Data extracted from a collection
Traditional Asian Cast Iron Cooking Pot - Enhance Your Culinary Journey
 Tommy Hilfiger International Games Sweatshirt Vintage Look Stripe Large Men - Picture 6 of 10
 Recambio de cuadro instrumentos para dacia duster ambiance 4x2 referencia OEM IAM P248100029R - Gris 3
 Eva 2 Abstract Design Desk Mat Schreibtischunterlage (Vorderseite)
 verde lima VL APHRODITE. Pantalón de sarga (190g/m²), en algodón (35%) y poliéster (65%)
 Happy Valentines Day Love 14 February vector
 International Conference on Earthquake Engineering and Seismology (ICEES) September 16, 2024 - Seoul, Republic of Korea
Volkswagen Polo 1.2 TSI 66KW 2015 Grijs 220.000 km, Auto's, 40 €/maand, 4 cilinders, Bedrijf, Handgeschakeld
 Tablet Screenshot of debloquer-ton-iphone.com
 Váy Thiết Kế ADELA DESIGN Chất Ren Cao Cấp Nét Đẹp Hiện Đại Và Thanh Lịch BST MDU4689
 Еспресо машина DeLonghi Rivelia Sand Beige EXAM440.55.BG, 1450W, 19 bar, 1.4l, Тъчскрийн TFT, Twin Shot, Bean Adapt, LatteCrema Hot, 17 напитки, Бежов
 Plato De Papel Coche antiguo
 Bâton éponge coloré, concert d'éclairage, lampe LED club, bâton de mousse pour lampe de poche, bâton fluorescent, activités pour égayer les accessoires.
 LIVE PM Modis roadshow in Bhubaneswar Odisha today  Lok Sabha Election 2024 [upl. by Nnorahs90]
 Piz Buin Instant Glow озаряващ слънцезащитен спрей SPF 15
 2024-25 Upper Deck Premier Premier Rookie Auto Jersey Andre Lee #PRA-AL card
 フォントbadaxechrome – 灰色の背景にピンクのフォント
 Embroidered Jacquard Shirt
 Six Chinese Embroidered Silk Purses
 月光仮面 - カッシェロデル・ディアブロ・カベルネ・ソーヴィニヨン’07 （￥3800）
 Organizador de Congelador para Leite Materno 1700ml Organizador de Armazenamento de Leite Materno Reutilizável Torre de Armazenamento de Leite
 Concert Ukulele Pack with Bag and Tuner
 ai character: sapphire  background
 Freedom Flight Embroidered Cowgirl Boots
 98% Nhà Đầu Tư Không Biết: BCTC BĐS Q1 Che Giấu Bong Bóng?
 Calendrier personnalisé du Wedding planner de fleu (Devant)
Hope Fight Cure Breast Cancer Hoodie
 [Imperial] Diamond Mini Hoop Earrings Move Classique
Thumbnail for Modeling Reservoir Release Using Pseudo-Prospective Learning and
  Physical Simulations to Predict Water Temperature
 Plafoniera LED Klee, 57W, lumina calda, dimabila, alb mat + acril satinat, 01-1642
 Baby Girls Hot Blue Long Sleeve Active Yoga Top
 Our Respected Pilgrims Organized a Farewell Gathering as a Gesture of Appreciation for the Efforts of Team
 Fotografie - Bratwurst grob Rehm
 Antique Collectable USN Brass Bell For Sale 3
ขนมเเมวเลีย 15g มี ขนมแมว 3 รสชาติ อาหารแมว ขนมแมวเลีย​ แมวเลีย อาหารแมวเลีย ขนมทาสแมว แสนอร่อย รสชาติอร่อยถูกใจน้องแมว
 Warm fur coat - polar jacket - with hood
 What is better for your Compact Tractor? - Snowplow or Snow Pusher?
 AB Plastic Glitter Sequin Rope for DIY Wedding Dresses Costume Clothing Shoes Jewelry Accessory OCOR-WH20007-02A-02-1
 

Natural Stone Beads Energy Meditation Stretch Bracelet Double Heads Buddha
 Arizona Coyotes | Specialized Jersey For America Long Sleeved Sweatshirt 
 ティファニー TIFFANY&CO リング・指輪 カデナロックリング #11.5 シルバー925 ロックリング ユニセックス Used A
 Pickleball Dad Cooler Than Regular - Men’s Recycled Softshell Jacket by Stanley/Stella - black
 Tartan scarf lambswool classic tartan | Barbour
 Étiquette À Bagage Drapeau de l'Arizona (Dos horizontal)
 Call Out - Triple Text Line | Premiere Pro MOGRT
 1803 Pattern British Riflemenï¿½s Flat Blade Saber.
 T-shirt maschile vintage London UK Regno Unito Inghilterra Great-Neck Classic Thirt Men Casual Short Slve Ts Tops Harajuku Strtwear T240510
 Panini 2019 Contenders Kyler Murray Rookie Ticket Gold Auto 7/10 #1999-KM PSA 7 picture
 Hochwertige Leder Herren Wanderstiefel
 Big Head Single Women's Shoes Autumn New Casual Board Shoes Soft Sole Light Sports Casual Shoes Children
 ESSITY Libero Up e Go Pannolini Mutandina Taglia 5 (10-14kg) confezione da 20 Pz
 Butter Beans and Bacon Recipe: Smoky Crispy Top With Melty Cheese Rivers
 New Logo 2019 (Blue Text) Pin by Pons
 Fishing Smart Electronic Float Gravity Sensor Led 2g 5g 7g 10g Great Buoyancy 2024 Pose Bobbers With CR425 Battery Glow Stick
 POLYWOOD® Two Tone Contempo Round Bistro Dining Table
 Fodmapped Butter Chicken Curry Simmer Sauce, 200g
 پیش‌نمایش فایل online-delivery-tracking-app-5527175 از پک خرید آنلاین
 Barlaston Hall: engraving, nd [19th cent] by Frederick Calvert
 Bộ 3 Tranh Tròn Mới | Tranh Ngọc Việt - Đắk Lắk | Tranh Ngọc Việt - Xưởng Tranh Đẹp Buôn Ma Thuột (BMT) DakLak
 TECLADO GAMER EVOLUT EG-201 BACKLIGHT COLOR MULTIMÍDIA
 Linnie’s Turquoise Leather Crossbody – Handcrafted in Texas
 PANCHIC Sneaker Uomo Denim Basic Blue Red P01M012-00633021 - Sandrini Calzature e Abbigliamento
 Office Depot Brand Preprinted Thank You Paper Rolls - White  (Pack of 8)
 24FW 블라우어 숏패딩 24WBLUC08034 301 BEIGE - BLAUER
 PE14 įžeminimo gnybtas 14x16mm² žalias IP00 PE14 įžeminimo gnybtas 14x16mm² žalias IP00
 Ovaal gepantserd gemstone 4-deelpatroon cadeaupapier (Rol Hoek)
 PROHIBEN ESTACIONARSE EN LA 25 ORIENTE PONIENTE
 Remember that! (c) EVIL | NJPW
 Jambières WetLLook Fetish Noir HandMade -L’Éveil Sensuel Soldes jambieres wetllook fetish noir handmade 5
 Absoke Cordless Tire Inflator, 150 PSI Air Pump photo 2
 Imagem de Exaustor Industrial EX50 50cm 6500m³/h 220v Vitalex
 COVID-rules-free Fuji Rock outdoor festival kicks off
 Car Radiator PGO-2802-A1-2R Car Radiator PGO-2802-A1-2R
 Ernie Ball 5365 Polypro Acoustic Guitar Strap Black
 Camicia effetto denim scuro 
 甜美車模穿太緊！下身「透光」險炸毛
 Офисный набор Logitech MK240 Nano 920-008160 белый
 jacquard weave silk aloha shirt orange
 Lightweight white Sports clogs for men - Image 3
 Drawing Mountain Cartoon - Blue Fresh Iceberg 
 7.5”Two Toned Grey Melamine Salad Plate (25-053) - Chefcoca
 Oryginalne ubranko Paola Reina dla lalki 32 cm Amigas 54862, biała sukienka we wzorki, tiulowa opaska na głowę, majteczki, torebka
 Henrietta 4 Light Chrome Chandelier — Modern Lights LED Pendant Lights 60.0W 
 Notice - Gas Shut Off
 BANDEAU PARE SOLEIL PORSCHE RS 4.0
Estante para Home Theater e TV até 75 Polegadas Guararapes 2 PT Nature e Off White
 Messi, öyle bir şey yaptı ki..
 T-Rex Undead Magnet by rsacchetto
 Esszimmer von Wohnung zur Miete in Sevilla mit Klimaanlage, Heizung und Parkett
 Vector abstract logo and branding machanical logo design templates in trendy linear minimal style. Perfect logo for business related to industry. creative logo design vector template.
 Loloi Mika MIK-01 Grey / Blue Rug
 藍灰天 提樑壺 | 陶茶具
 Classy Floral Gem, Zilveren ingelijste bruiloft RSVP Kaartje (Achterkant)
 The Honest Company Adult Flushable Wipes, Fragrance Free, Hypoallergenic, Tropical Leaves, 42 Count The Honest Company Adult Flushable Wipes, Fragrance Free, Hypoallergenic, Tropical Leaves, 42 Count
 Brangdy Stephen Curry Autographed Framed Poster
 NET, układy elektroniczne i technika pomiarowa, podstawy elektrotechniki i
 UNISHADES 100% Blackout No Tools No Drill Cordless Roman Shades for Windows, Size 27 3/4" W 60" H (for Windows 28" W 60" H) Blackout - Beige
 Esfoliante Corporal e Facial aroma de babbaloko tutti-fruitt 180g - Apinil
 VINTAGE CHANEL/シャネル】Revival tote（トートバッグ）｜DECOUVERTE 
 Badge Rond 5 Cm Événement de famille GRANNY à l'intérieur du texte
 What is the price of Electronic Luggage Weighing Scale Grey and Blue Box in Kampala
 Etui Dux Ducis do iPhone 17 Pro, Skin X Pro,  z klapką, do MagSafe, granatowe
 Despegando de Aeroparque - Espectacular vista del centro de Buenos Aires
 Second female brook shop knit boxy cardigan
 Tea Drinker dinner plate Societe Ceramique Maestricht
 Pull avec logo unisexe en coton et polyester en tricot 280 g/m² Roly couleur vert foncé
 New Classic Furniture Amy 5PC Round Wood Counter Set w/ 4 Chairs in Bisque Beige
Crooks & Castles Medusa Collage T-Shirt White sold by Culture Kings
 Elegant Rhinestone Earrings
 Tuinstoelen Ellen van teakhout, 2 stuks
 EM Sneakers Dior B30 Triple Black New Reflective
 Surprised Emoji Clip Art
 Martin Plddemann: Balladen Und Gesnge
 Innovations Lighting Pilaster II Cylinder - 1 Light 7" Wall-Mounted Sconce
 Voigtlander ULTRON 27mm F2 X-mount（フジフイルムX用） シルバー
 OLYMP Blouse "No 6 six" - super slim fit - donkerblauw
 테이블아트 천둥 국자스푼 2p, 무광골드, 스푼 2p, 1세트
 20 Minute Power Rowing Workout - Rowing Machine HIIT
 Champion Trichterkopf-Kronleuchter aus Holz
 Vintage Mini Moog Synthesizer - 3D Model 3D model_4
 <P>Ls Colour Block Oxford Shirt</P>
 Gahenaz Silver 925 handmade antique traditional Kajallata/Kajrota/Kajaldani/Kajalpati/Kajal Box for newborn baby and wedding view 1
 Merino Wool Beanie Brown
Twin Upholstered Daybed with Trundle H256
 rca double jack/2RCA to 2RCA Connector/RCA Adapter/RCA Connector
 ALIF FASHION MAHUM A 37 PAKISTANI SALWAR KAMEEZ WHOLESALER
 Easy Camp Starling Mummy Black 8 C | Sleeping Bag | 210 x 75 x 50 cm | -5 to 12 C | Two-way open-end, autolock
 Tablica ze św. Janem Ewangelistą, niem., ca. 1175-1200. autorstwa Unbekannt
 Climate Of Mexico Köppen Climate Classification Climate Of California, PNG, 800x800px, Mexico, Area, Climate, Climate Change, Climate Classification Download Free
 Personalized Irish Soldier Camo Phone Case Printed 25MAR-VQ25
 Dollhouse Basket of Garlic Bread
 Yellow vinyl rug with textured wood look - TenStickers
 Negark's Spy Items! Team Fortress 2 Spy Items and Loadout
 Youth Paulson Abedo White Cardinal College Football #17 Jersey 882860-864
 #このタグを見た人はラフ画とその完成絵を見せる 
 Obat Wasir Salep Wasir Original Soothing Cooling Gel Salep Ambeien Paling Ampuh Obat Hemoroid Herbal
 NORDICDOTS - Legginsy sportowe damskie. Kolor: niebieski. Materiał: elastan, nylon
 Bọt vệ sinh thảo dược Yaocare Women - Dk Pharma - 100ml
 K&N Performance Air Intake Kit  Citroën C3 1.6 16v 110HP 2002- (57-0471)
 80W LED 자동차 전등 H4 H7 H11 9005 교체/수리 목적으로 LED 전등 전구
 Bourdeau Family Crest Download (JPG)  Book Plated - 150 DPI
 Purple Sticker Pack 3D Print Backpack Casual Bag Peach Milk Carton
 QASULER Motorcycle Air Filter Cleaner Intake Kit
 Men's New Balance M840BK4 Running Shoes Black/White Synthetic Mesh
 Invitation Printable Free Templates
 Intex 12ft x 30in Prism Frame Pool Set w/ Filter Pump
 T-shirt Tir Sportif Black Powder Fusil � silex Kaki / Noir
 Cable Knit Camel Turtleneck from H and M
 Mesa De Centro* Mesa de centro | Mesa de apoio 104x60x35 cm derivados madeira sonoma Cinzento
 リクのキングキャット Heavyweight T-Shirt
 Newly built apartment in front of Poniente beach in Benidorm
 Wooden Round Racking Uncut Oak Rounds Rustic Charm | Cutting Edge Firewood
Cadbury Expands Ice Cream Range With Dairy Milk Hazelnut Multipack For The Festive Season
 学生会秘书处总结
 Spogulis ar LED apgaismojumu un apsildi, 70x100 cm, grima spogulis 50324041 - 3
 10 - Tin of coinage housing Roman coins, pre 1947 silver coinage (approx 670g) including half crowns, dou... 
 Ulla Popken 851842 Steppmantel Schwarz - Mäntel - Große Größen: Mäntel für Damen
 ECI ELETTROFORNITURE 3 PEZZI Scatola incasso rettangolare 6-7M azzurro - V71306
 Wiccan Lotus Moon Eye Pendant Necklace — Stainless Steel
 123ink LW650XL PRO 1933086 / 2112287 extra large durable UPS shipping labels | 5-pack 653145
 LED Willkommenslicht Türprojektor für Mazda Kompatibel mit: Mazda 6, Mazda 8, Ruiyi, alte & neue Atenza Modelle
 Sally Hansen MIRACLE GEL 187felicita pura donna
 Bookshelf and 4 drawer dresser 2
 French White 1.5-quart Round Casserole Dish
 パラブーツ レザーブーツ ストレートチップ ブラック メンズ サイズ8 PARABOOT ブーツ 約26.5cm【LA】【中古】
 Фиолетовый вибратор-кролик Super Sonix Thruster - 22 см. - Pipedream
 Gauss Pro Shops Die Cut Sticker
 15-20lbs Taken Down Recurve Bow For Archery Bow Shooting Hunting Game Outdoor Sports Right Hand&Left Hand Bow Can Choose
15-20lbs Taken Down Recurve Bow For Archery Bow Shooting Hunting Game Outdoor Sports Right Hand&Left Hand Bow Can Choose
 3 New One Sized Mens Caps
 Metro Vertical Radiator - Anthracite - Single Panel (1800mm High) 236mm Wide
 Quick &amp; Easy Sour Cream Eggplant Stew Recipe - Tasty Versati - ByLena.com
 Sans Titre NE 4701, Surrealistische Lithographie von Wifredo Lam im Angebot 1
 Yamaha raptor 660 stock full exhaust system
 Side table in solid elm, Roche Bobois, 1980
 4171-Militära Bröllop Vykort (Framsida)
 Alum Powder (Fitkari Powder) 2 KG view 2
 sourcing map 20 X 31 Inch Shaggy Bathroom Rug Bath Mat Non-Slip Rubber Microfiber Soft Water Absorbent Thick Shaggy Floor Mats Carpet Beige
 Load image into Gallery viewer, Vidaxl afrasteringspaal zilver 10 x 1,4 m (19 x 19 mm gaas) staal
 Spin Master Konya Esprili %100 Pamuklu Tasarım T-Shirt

Required action: In the entries above, find the line with "Bookshelf and 4 drawer dresser 2" and the line with "Yamaha raptor 660 stock full exhaust system", then set down exactly those two and every line between them, nothing else.

Answer section:
 Bookshelf and 4 drawer dresser 2
 French White 1.5-quart Round Casserole Dish
 パラブーツ レザーブーツ ストレートチップ ブラック メンズ サイズ8 PARABOOT ブーツ 約26.5cm【LA】【中古】
 Фиолетовый вибратор-кролик Super Sonix Thruster - 22 см. - Pipedream
 Gauss Pro Shops Die Cut Sticker
 15-20lbs Taken Down Recurve Bow For Archery Bow Shooting Hunting Game Outdoor Sports Right Hand&Left Hand Bow Can Choose
15-20lbs Taken Down Recurve Bow For Archery Bow Shooting Hunting Game Outdoor Sports Right Hand&Left Hand Bow Can Choose
 3 New One Sized Mens Caps
 Metro Vertical Radiator - Anthracite - Single Panel (1800mm High) 236mm Wide
 Quick &amp; Easy Sour Cream Eggplant Stew Recipe - Tasty Versati - ByLena.com
 Sans Titre NE 4701, Surrealistische Lithographie von Wifredo Lam im Angebot 1
 Yamaha raptor 660 stock full exhaust system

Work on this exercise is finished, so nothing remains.